Unable to find a cab, they opted for Uber.
The first women got off in Duvernay, Laval. The final destination was Chomedey.
What would ordinarily cost $83 turned into a $625 bill.
According to Iafrancesco, the driver told them the fare would be about $100.
“But we didn’t know that the surge was going to be 7.5 times 100 dollars,” Blanco said.
This multiplier is rooted in Uber’s surge pricing model.
Uber’s YouTube Video explains that, “when demand for rides exceeds the amount of drivers on the road, prices go up to encourage more drivers to go online.”
According to the video, “riders always know the price before they enter,”
The young women were first-time Uber users and said they didn’t understand the surge concept.
On Friday, they wrote an email to the company complaining about the price of their ride.
Uber replied to the complaint saying it would help them out if they had any disputes regarding the charges, but noted that the women had accepted a 7.5 surge at 3:22am.
They have since disputed the charge and are awaiting a reply.
The surge pricing issue has popped up in other Canadian cities as well.
WATCH BELOW: Alberta man furious over $1,000 Uber charge on New Year’s Eve
Matthew Lindsay, an Edmonton Uber customer told Global News that his New Year’s Uber bill amounted to $1,100.
“You could get anywhere in the world for that price,” he said.

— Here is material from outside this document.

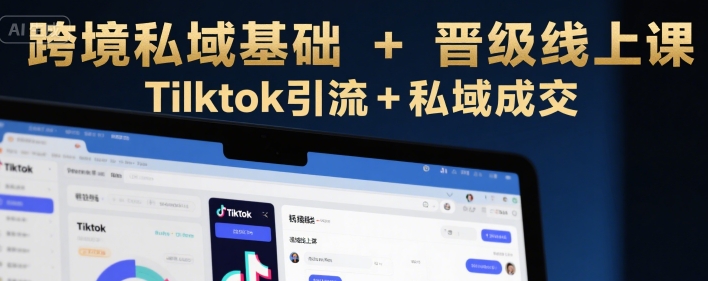 跨境私域引流秘籍 TikTok+线上课 成交翻倍攻略-九零创业网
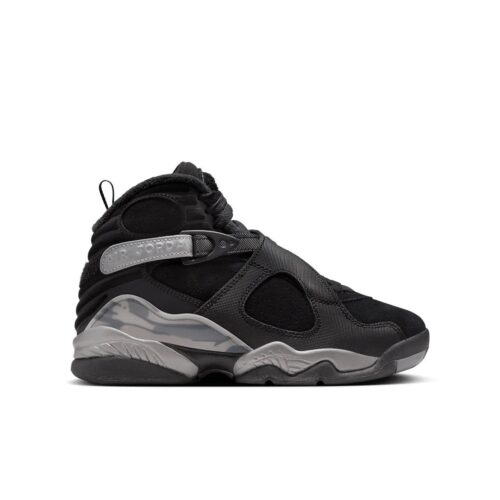 Big Kids Jordan 8 Retro Wntr Black/Gunsmoke-Metallic Silver (Fn5190 001)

Uber Canada issued the following statement to Global News regarding the $625 bill:
“Our goal is to make sure you can always push a button and get a ride within minutes – even on the busiest night of the year – and surge pricing helps ensure that choice is always available. When more people need rides than there are drivers on the road, surge pricing incentivizes drivers to offer rides where and when they are needed most. Riders are repeatedly notified about the pricing directly within the app and asked to confirm and accept increased fares, or can opt for a notification when prices drop. When folks know that the option for a reliable ride is at their fingertips, it becomes much easier to make the choice not to drink and drive.”